Items from a data source
--------------------
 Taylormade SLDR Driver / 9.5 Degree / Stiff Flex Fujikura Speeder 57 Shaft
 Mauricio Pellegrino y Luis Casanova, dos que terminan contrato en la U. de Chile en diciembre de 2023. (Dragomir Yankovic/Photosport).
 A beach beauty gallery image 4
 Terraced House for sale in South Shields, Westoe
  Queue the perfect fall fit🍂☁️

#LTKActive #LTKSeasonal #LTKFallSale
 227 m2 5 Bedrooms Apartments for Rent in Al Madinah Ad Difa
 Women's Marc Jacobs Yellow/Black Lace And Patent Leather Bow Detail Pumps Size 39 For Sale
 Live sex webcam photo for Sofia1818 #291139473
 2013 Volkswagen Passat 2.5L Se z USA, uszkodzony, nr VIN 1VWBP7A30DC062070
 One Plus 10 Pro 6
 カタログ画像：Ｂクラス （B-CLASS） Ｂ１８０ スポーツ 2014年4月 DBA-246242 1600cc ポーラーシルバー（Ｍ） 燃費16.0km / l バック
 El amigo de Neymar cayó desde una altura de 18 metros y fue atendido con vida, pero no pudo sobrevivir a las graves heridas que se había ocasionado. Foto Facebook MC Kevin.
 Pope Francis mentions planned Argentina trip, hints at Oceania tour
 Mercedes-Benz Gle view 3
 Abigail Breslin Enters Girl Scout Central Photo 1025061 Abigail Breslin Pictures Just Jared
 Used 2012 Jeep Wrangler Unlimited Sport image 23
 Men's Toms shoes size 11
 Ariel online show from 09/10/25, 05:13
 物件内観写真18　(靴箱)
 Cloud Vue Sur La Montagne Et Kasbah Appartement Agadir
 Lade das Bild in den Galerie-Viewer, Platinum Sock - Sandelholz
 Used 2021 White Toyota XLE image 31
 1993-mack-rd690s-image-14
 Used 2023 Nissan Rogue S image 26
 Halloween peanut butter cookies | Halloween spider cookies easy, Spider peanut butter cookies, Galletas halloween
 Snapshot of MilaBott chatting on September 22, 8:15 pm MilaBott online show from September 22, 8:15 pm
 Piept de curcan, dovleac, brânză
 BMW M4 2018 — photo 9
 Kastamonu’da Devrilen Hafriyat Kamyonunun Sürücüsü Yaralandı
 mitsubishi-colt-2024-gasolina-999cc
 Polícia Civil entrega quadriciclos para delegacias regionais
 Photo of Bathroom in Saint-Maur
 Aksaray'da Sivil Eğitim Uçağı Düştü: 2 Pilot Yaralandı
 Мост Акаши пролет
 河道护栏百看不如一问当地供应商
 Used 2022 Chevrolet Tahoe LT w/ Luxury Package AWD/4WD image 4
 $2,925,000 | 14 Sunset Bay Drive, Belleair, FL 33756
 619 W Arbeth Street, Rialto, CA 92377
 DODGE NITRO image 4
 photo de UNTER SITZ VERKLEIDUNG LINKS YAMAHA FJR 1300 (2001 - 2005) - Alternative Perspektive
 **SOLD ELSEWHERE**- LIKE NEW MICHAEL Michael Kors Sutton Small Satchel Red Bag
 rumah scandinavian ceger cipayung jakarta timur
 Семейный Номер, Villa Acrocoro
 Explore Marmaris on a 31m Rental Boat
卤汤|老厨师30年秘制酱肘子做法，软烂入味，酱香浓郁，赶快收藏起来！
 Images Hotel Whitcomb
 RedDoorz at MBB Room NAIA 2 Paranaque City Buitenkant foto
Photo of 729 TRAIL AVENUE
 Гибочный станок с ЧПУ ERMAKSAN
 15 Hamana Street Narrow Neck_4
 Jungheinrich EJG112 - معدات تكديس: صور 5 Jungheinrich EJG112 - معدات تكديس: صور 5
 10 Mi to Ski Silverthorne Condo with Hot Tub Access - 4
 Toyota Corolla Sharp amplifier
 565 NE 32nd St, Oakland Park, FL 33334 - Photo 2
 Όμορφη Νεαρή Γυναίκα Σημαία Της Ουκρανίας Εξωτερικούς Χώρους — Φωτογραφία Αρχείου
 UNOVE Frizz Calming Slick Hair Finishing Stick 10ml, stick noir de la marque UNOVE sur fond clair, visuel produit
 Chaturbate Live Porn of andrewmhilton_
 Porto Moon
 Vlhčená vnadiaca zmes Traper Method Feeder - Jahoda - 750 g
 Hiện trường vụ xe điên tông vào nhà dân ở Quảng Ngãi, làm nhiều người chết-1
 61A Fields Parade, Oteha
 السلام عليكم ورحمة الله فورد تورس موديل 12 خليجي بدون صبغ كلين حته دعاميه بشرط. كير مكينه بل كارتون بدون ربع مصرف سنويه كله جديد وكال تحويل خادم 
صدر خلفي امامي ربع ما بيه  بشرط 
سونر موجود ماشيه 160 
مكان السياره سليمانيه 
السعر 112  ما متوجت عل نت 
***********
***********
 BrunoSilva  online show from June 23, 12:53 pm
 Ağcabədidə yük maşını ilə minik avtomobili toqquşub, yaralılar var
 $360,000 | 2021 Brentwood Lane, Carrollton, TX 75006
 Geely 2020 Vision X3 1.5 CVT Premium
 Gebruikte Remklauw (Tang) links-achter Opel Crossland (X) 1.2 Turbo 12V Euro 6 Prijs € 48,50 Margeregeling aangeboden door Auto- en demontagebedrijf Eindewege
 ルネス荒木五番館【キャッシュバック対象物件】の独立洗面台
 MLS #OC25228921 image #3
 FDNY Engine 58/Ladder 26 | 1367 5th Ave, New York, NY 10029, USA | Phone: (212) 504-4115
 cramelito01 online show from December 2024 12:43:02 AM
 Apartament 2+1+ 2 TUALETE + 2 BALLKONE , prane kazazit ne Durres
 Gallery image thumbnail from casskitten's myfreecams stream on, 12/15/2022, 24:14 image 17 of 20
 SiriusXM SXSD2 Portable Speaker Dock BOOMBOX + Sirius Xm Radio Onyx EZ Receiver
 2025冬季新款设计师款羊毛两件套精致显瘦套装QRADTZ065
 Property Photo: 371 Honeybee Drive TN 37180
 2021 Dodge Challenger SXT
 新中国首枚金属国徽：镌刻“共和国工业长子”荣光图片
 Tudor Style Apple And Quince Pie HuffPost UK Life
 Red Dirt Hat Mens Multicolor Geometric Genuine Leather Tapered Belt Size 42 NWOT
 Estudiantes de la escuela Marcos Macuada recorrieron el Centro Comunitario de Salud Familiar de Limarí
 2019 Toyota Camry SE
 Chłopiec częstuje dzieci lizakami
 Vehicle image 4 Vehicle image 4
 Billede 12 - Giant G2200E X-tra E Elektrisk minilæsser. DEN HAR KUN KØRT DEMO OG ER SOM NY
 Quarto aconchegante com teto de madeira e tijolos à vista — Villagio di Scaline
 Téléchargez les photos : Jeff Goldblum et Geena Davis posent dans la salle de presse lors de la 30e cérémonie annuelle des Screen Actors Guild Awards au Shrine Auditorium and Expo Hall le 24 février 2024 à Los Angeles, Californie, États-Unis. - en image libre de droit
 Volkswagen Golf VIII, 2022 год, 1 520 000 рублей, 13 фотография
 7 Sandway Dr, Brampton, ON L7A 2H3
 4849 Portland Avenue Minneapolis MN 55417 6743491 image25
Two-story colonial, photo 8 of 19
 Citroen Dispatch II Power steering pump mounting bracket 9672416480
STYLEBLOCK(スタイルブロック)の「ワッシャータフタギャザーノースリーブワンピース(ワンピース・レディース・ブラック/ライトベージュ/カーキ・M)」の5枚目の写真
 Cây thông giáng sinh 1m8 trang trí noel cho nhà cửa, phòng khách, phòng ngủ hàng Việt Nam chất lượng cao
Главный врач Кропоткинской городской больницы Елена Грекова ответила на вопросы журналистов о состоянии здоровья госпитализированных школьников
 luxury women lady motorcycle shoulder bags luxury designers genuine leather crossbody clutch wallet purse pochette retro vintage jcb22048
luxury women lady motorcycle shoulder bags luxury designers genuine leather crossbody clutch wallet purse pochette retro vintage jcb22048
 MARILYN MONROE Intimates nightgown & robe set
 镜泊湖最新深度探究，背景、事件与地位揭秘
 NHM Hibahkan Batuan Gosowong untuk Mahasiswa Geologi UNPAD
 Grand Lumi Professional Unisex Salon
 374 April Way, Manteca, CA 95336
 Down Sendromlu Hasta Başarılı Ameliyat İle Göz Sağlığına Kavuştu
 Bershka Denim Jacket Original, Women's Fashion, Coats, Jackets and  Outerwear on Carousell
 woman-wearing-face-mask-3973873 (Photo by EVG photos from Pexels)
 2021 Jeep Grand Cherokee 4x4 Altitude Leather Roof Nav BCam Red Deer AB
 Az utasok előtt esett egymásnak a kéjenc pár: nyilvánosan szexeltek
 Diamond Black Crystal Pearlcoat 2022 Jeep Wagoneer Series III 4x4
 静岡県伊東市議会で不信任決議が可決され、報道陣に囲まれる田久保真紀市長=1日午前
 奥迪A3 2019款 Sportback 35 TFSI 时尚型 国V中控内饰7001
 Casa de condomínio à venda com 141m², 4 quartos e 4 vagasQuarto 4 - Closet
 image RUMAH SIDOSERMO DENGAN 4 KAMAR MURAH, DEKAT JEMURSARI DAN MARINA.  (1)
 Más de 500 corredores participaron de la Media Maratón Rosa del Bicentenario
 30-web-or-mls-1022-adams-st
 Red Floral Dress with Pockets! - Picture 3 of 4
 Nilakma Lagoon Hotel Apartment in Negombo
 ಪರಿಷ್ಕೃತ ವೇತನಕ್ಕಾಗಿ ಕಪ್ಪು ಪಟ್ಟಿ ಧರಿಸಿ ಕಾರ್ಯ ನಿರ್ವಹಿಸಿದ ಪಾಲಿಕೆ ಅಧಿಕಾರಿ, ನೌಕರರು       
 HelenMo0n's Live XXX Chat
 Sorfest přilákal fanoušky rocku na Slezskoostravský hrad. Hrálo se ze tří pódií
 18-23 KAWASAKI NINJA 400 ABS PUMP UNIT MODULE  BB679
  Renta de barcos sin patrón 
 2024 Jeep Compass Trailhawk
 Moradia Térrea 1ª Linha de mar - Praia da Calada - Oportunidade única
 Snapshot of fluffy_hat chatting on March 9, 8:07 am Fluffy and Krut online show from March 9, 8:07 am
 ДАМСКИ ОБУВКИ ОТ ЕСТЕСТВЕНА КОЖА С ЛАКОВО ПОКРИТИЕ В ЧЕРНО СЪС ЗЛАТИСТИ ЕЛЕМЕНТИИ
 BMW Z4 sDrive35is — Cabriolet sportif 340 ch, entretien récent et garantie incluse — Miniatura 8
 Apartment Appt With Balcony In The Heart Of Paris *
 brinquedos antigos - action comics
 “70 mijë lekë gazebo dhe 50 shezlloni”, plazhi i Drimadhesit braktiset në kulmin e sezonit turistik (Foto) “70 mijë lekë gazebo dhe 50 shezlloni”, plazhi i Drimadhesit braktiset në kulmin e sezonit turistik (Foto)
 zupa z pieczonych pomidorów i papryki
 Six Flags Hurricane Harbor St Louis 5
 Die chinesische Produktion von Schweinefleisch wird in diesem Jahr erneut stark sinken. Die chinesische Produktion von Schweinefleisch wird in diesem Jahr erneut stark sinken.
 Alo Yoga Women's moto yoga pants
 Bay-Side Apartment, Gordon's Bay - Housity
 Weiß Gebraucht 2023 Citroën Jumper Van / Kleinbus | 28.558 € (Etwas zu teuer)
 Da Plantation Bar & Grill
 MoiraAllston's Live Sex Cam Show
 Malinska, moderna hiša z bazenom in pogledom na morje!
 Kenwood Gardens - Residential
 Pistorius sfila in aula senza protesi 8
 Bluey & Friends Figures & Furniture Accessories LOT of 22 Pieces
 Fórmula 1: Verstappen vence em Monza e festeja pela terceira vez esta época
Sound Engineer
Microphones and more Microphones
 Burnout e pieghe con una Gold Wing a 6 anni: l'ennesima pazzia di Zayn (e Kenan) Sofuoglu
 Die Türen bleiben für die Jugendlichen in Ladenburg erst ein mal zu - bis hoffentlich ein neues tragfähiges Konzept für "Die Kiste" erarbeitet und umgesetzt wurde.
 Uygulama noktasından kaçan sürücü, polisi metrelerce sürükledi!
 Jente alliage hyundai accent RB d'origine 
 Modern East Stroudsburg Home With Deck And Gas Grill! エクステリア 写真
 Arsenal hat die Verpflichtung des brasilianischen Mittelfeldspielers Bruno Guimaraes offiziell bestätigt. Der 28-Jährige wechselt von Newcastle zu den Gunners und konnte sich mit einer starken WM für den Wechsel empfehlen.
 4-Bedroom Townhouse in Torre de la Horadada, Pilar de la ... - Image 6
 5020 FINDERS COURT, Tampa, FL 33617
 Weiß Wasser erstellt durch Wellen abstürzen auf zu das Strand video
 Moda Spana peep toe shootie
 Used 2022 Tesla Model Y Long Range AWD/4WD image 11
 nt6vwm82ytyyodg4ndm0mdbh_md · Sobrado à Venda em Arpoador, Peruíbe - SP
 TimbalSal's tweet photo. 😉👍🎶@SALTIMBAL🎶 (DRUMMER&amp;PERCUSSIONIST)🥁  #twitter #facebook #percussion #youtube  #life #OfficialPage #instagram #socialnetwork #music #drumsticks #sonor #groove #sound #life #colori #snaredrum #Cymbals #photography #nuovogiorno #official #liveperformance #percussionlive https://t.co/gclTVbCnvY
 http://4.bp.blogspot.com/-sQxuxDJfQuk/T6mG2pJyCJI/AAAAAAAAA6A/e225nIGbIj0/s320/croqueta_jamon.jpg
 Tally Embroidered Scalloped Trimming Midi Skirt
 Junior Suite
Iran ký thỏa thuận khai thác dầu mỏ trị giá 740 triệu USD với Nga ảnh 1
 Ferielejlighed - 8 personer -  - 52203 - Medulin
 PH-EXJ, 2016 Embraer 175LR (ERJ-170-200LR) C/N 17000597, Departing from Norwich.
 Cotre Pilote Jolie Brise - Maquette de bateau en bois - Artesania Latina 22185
--------------------
Your answer must consist solely of the lines above between the line holding "565 NE 32nd" and the line holding "Quarto aconchegante com", inclusive, copied exactly.

#### [RESULT]
 565 NE 32nd St, Oakland Park, FL 33334 - Photo 2
 Όμορφη Νεαρή Γυναίκα Σημαία Της Ουκρανίας Εξωτερικούς Χώρους — Φωτογραφία Αρχείου
 UNOVE Frizz Calming Slick Hair Finishing Stick 10ml, stick noir de la marque UNOVE sur fond clair, visuel produit
 Chaturbate Live Porn of andrewmhilton_
 Porto Moon
 Vlhčená vnadiaca zmes Traper Method Feeder - Jahoda - 750 g
 Hiện trường vụ xe điên tông vào nhà dân ở Quảng Ngãi, làm nhiều người chết-1
 61A Fields Parade, Oteha
 السلام عليكم ورحمة الله فورد تورس موديل 12 خليجي بدون صبغ كلين حته دعاميه بشرط. كير مكينه بل كارتون بدون ربع مصرف سنويه كله جديد وكال تحويل خادم 
صدر خلفي امامي ربع ما بيه  بشرط 
سونر موجود ماشيه 160 
مكان السياره سليمانيه 
السعر 112  ما متوجت عل نت 
***********
***********
 BrunoSilva  online show from June 23, 12:53 pm
 Ağcabədidə yük maşını ilə minik avtomobili toqquşub, yaralılar var
 $360,000 | 2021 Brentwood Lane, Carrollton, TX 75006
 Geely 2020 Vision X3 1.5 CVT Premium
 Gebruikte Remklauw (Tang) links-achter Opel Crossland (X) 1.2 Turbo 12V Euro 6 Prijs € 48,50 Margeregeling aangeboden door Auto- en demontagebedrijf Eindewege
 ルネス荒木五番館【キャッシュバック対象物件】の独立洗面台
 MLS #OC25228921 image #3
 FDNY Engine 58/Ladder 26 | 1367 5th Ave, New York, NY 10029, USA | Phone: (212) 504-4115
 cramelito01 online show from December 2024 12:43:02 AM
 Apartament 2+1+ 2 TUALETE + 2 BALLKONE , prane kazazit ne Durres
 Gallery image thumbnail from casskitten's myfreecams stream on, 12/15/2022, 24:14 image 17 of 20
 SiriusXM SXSD2 Portable Speaker Dock BOOMBOX + Sirius Xm Radio Onyx EZ Receiver
 2025冬季新款设计师款羊毛两件套精致显瘦套装QRADTZ065
 Property Photo: 371 Honeybee Drive TN 37180
 2021 Dodge Challenger SXT
 新中国首枚金属国徽：镌刻“共和国工业长子”荣光图片
 Tudor Style Apple And Quince Pie HuffPost UK Life
 Red Dirt Hat Mens Multicolor Geometric Genuine Leather Tapered Belt Size 42 NWOT
 Estudiantes de la escuela Marcos Macuada recorrieron el Centro Comunitario de Salud Familiar de Limarí
 2019 Toyota Camry SE
 Chłopiec częstuje dzieci lizakami
 Vehicle image 4 Vehicle image 4
 Billede 12 - Giant G2200E X-tra E Elektrisk minilæsser. DEN HAR KUN KØRT DEMO OG ER SOM NY
 Quarto aconchegante com teto de madeira e tijolos à vista — Villagio di Scaline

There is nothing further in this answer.